Llamar hogar a tus ojos

¿Adónde te escondiste,
amado, y me dejaste con gemido?
Como el ciervo huiste,
habiéndome herido;
salí tras ti, clamando, y eras ido.

San Juan de la Cruz, Cántico Espiritual.

A veces me pides que te hable con otra voz; que te diga lo que siento con mi verdadera voz, la que no se escucha porque no le pertenece a nadie más que al miedo. Porque una vez amé hasta morirme aun teniendo un corazón predispuesto a la derrota y al llanto. Pero hay grietas –en todos los corazones hay grietas– y a veces, en un acto de rebeldía, se cuela la esperanza. Yo creía que no era posible. Yo creía haberme resignado para siempre pero tal vez tengan razón –no sé muy bien quiénes– y «siempre» nunca haya existido porque es demasiado tiempo incluso para los muertos, incluso para los que esperan y no saben el qué. Un milagro. La redención.

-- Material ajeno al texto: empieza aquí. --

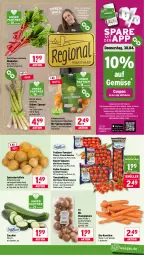 Gazetka promocyjna Wasgau - Gazetka - ważna od 02.05 do 02.05.2026 - strona 7 - produkty: beutel, bio, bio-karotten, braun, champignon, champignons, champignons braun, cocktail, coupon, eis, grüner spargel, HP, karotten, kartoffel, kartoffeln, obst, pralinen, pril, Rauch, reis, resa, rhabarber, Rubin, Schal, Schale, spargel, speisekartoffeln, Speisezwiebeln, Stier, strauchtomaten, Ti, tomate, tomaten, zucchini, zwiebel, zwiebeln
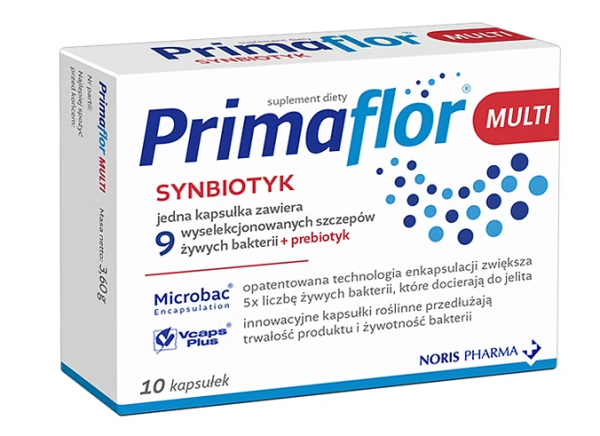 Primaflor Multi synbiotyk prebiotyk 10 kapsułek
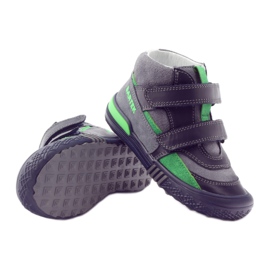 Graue und grüne Klettstiefel Bartek 91756 schwarz mehrfarbig 3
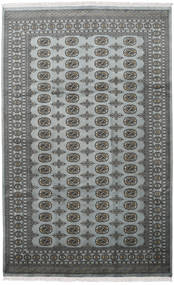 Paquistão Bucara 2Ply Tapete 198X315 Oriental Feito A Mão Cinza Escuro/Cinzento Claro (Lã, Paquistão)
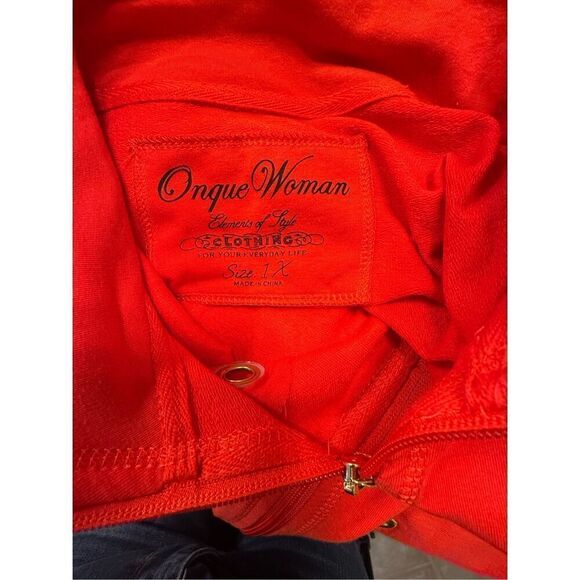 Onque Woman Two Piece Loungewear Set Sz. 1X Red Weekend Travel Comfort - Picture 12 of 13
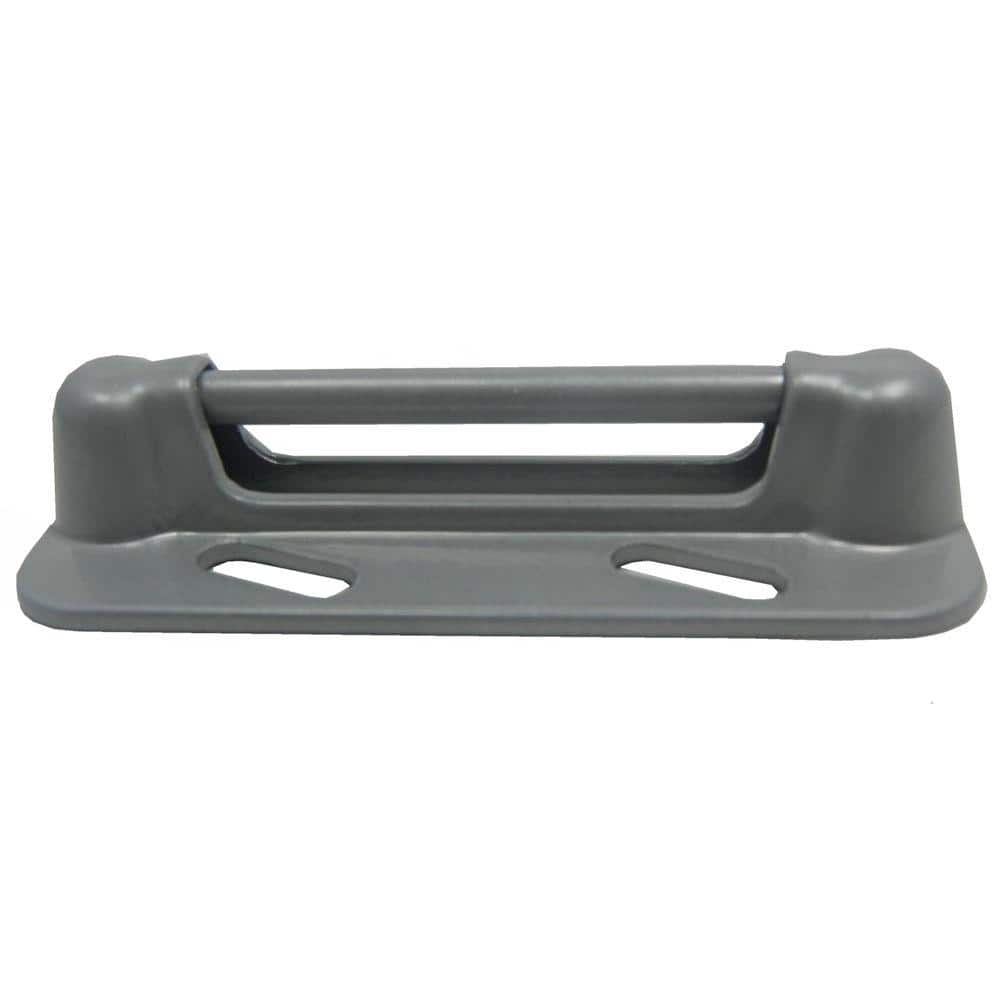 2-7/8 in. Silver Screen Door Resilient Striker
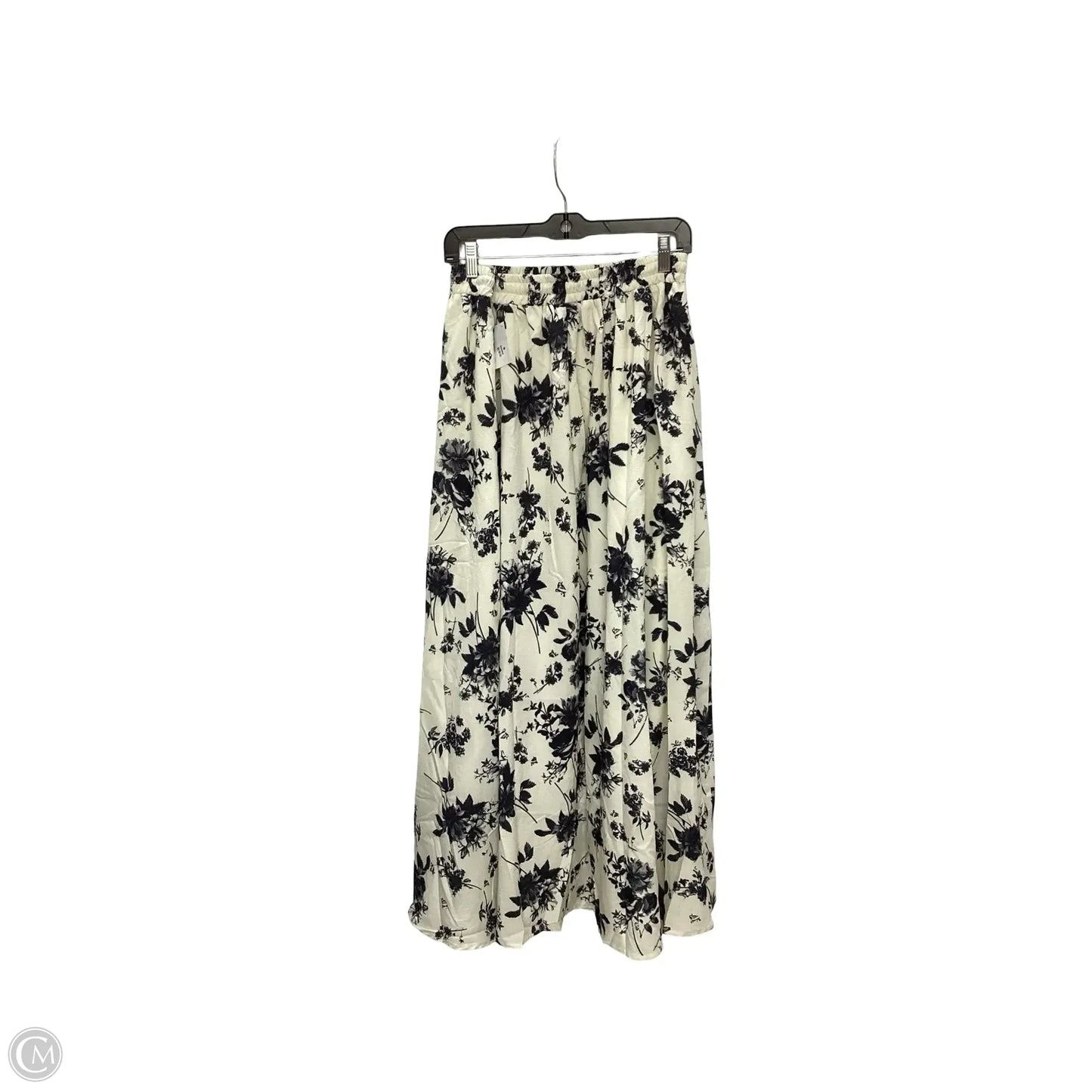 Skirt Midi By Clothes Mentor In Floral Print, Size: L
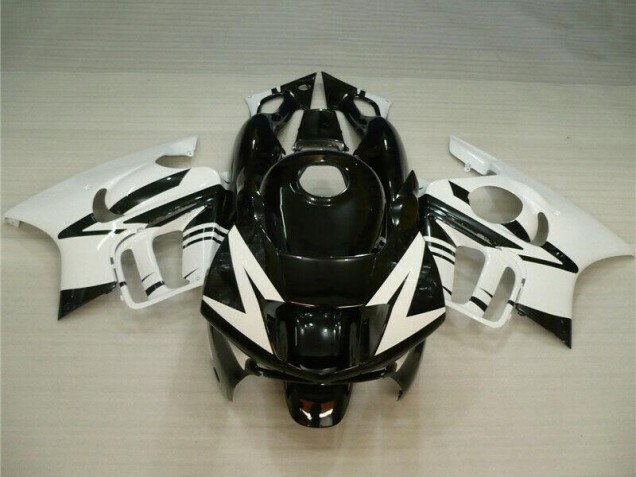 1995-1996 White Glossy Black Honda CBR600 F3 Motorcycle Fairings Canada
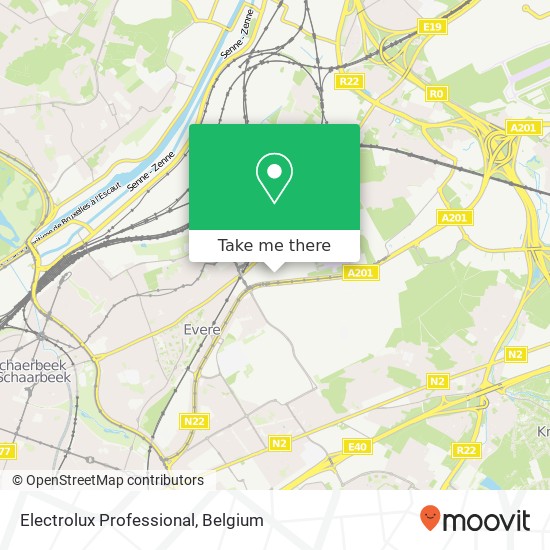 Electrolux Professional map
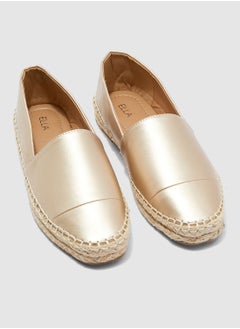 ELLA Espadrilles In Metallic  - Image 5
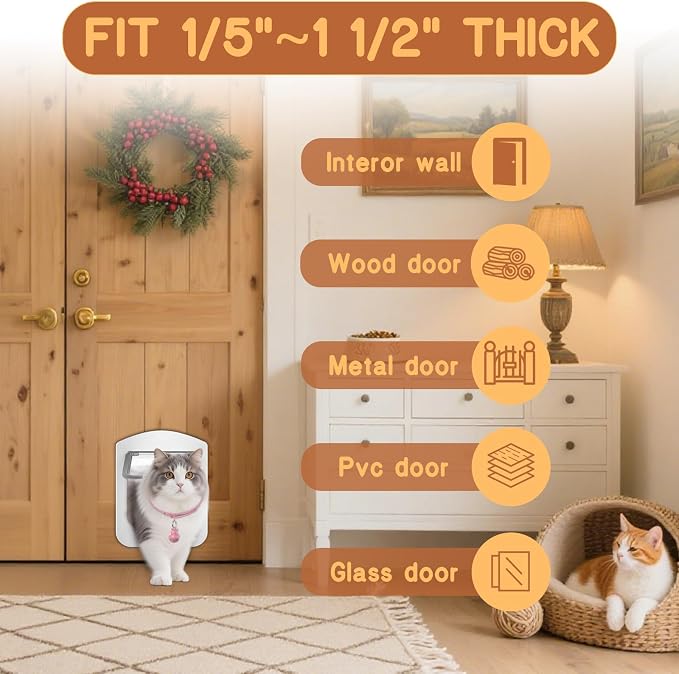HIDROSIL Cat Door, Pet Door - Image 3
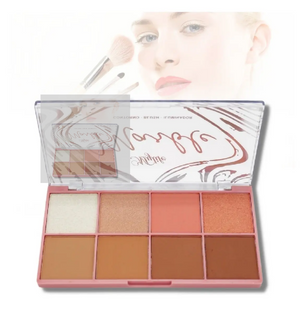 Paleta em gel de iluminador, blush e Corretivo Marble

Pero yo no esperaba nada cuando te conocí.

Yo alimentaba un corazón inerte y herido como un ciervo que se oculta entre los arbustos de un bosque para que nadie interrumpa el aliento que ya no puede detener mientras implora que la hierba le sea leve y su cuerpo alimente a sus hijos, porque la vida es cruel incluso cuando buscas la belleza.

En ese bosque la niña miraba al cielo y también sangraba ríos porque las manos que deseó con toda la ternura del mundo sostenían un puñal. No lo vio.

¿Y qué esperar cuando a una le diseccionan hasta lo intangible, hasta la ternura? Es casi como cortarle las alas a un vencejo y sorprenderse de que no alce más el vuelo.

Pero te conocí cuando los cervatillos aún lloraban la ausencia de la madre y mi corazón se resignaba a que la luz se colase entre los huecos porque la esperanza –ya lo decían los griegos– no es más que un letargo, una desgracia postergada, una certeza: vas a volver a sufrir.

Como decía, mi voz le pertenece al miedo y quise huir cuando vi en tus ojos aquellos juncos y nenúfares que me invitaban a querer ser una ninfa o al menos un renacuajo para nadar en ellos y sentir que estoy en casa. Y me sorprendo a mí misma por acogerme al último mal que salió de Pandora. Casi me maldigo por sonreír entre ruinas pero tú te ibas alzando como un templo.

La cierva ya había muerto y sobre su cuerpo crecerían flores, nacerían más ciervos.

En el bosque, la niña dejó de alimentarse de bayas venenosas porque su corazón quiere andar hacia el templo y rebatir a los griegos, una vez más. Predispuesta a la derrota.

Dispuesta a beberme los vientos y correr sobre el océano por llamar hogar a tus ojos.